• **WORK TO BE COMPLETED**
Copy the final lines exactly, starting at the one that contains "blake lively burun" and ending with the last line of the listing below. Pictures are not part of the copy.

• **DATA PROVIDED**
┌──
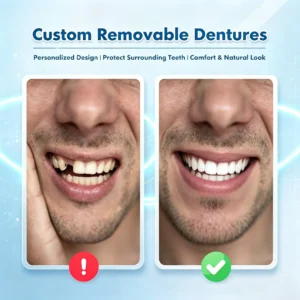 🌎Ends Today: 70% OFF! ⏰SAYAVAUS™Custom-Fit Instant Smile Dentures – Natural Looking Comfort Fit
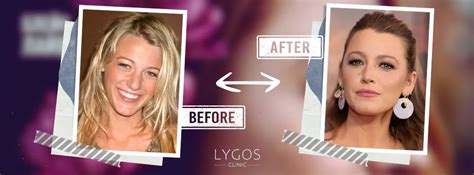 blake lively burun estetigi unlulerde burun estetigi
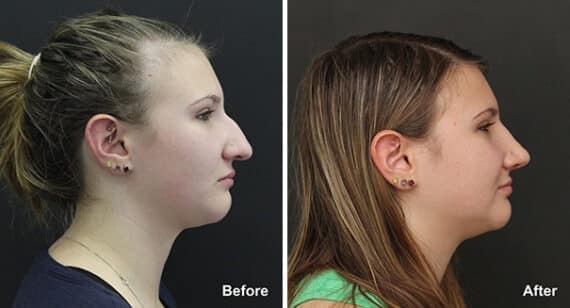 Rhinoplasty Before and After Photos in Princeton, NJ, Patient 7275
└──
• **RESULT BELOW**
 blake lively burun estetigi unlulerde burun estetigi
 Rhinoplasty Before and After Photos in Princeton, NJ, Patient 7275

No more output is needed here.